The main suggested solutions to improve our “future state” include the provisions initially set forth with the 21st Century Cures Act:
The ONC’s visualization of Cures Act expansions will ideally yield improvements across the board, streamlining processes for patients, providers, and payers alike.
Credit: 2018 HITECH Report to Congress
Of the proposed solutions, “open APIs” seem to hold the most potential with patient-facing solutions, including smartphones and mobile apps. According to the data used for this report, “Less than five percent of individuals transmitted their health record data to a service or app.”
Surely, we can do better.
The Centers for Medicare & Medicaid Services (CMS) and ONC both agree and have since made two important follow-up announcements to kick-start more interoperability goals in 2019, made in conjunction with the HIMSS annual conference.
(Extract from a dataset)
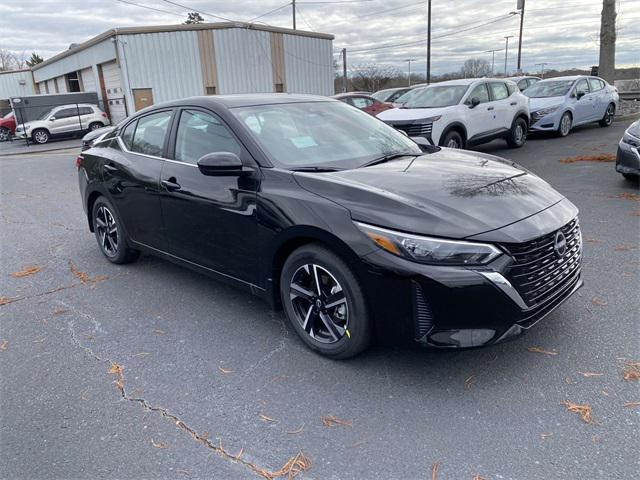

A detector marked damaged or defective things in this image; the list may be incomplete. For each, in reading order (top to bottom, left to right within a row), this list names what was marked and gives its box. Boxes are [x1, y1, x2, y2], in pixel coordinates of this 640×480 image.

cracked asphalt [0, 118, 636, 478]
CMS has set a 2020 goal for 125 million patients (those participating in Medicaid, the Children’s Health Insurance Program, Medicare Advantage plans, and health plans in the federal Affordable Care Act exchanges) to be provided with “free electronic access” to their personal health data, including all medical claims. As for any antagonists that continue “information blocking,” or those providers who have yet to add digital contact information to their National Provider Identifier (NPI) entries, CMS’s hope is that “public reporting” will motivate better behavior — this being akin to having your name written “on the board” in grammar school.
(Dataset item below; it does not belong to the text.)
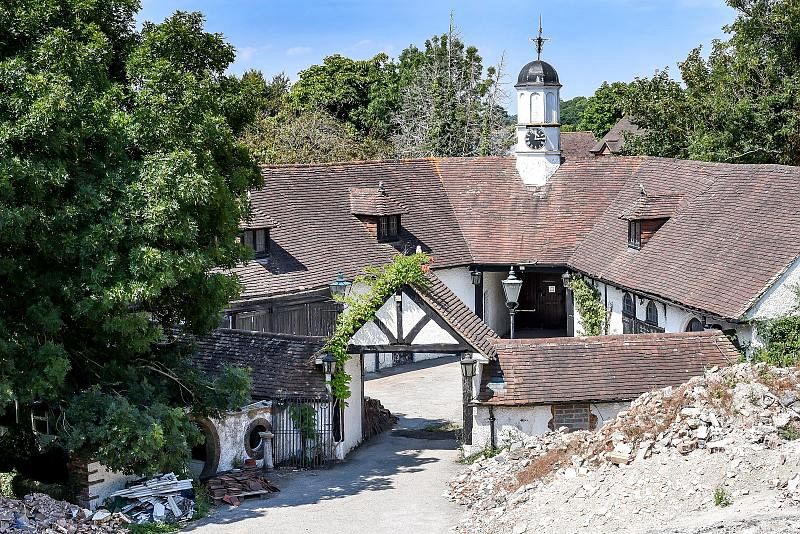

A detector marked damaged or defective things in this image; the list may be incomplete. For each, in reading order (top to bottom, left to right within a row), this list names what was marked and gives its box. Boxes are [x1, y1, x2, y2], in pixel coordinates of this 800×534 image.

broken concrete debris [450, 364, 800, 534]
And specifically dealing with open APIs, the ONC in concert with these objectives released a “Notice of Proposed Rulemaking.” Unless one of seven “reasonable and necessary” exceptions exist for why an organization is blocking information, they could be subject to a $1 million penalty per violation.
Both CMS and the ONC have called for feedback to learn how more private sector innovation could find its way into public sector processes and standards. One example of this: CMS is seeking Requests for Information (RFIs) on how to improve patient matching, absent a Unique Patient Identifier (UPI), which HHS has not been granted funding to enact due to various HIPAA and other security concerns.
Expect to hear more buzz in health IT circles about whether these latest measures will improve health information exchange (HIE) rates outside of organizations and solve some of the other 2019 goals toward much-needed transparency — on both the provider/payer value assessment front, and with patient-facing solutions.